# G0602 Cross Slide / Compound Dial Conflict



## HBilly1022 (Feb 22, 2016)

I've got a King 1022 which is a rebranded G0602 and find there is a conflict between the compound and cross slide dials when using shallow compound angles, like 0* - 5*. The compound dial hits the cross slide dial and prevents me from turning the compound in and out. I've tried mounting the tool back further and pushing the compound forward and mounting the tool out further and bringing the compound back further but can't seem to find a spot that works.

Does anyone have a solution to this issue?

*Correction*: the conflict angle is when the compound is anywhere near *90*.* I'll take a pic if that helps.


----------



## ch2co (Feb 23, 2016)

Pictures always help

CHuck the grumpy old guy


----------



## HBilly1022 (Feb 24, 2016)

OK, here's a pic showing the problem. If my King is in fact the same as the Grizzly G0602, there must be a fix for this, since there are so many G0602 owners around with numerous posts about improvements. For the  last project I ended up taking the handles off the dial wheel and that gave me just enough room to complete the work.


----------



## kizmit99 (Feb 24, 2016)

I believe mine (a G0602) does the same thing.  It's never been a problem for me though, I usually keep the compound sitting at about 30 degrees.
I'll try to remember to check for sure the next time I get up to the shop...  (which might not be until the weekend).


----------



## ch2co (Feb 25, 2016)

OK,  I finally got a chance to look at my G0602 and yes, I CAN get the compound handle to run into my cross slide handle, but it never has
become an issue for me. When I look at the photo you sent, it shows the compound oriented in line to the cross slide. I can't 
understand what you would want this configuration for. I always have used my compound at some angle to the cross slide,  quit often at 90 
degrees to it. You probably have a good reason for using the lathe in this configuration, but I can't understand what for.

 What are you trying to do with the lathe in this configuration?

I guess that you could remove the handles on the compound  to gain more
back travel without running into the cross slide, this would give you  little bit more travel until it becomes a problem and then you could 
remove the cross side handle for even more clearance.
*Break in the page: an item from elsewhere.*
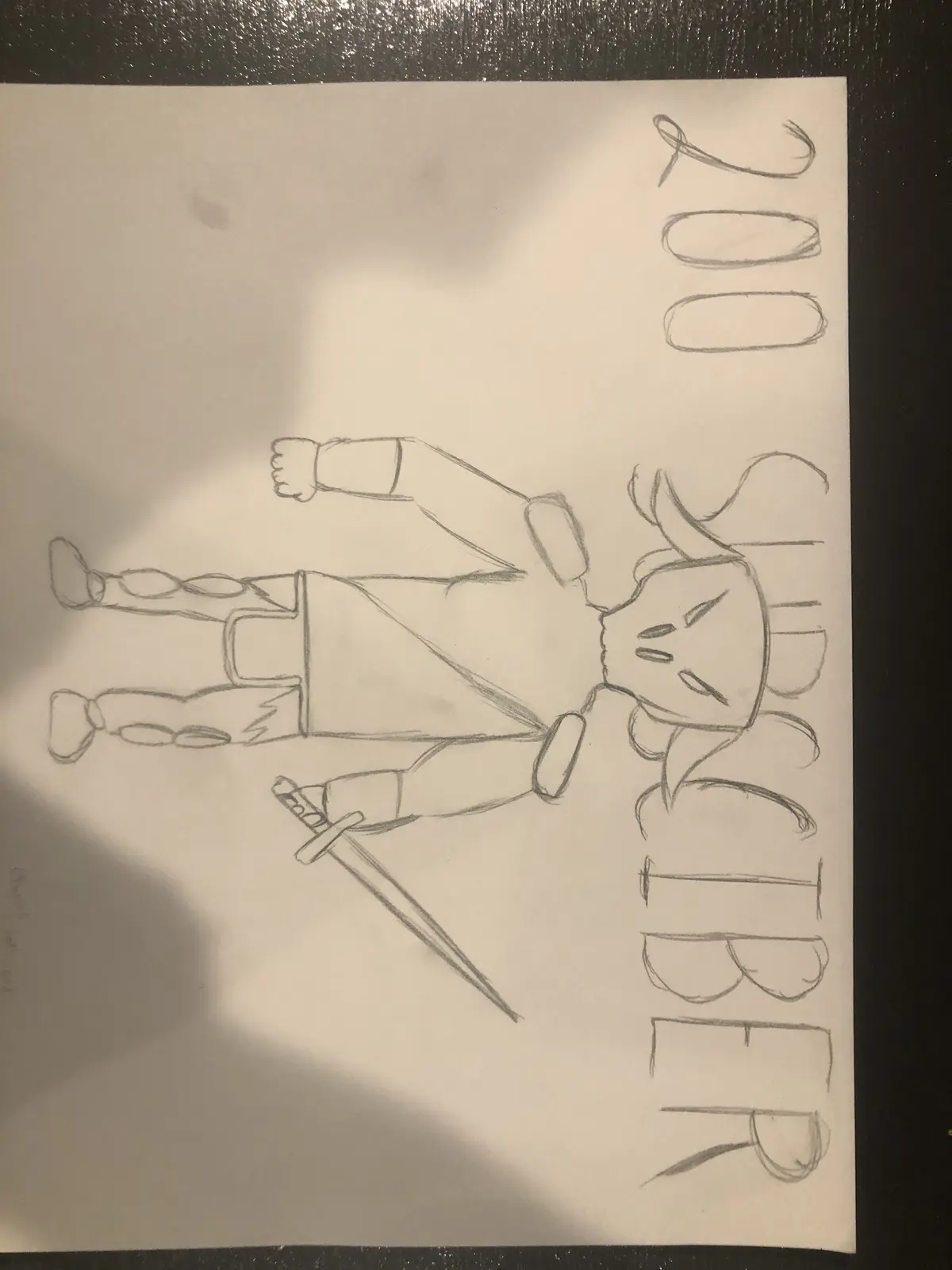 Thumbnail for Celebrating 200 Subscribers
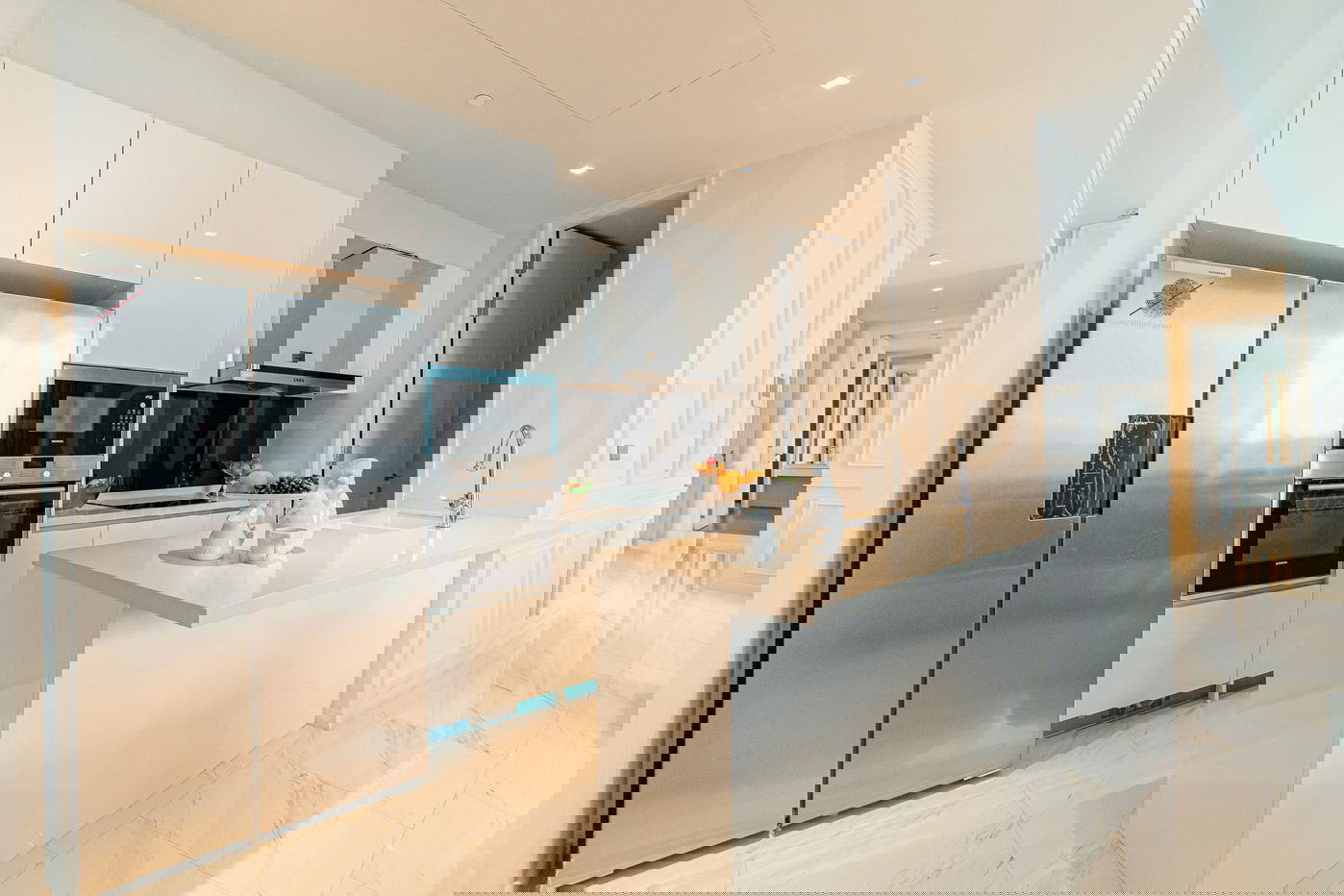 รูป Canapaya Residences 2 bedrooms, for sale - รูปที่ 3/20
It would be a real pain in the **** to use it this way though. 

 CHuck the grumpy old guy


----------



## HBilly1022 (Feb 26, 2016)

I ran into this issue when I was trying to sharpen end mills in the lathe, using a pencil die grinder. I saw a youtube video where a guy attached the pencil grinder to the tool post and set the compound at 88* so he could put a back relief on the cutting edge of the mill end. I tried it and it looks like it will work if I get a better grinder but it's a PITA to have to remove the handles or wheel to perform this operation. I'm thinking that if I do this enough, I may make and extension of some sort to bolt onto the end of the compound, or I'll have to figure out some other way of doing it.

Here's a link to the video:


----------



## HBilly1022 (Mar 3, 2016)

I came up with a solution for my problem. I made a tool holder and arbor that would extend the grinding wheel forward enough that I could pull the compound slide back far enough to avoid the cross slide wheel conflict.

Here is a pic of the tool holder with grinder installed. The second pic is of the 5/8" mill end that I ground with it.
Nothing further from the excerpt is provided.